#### Task brief
The data follows. Retype every entry exactly.

[Dataset items]
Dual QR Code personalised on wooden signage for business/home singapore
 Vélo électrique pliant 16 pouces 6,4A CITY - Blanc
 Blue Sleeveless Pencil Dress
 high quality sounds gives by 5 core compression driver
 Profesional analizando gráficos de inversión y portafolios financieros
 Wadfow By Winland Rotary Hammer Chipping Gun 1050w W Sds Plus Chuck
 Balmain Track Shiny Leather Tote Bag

#### The completed task
Dual QR Code personalised on wooden signage for business/home singapore
 Vélo électrique pliant 16 pouces 6,4A CITY - Blanc
 Blue Sleeveless Pencil Dress
 high quality sounds gives by 5 core compression driver
 Profesional analizando gráficos de inversión y portafolios financieros
 Wadfow By Winland Rotary Hammer Chipping Gun 1050w W Sds Plus Chuck
 Balmain Track Shiny Leather Tote Bag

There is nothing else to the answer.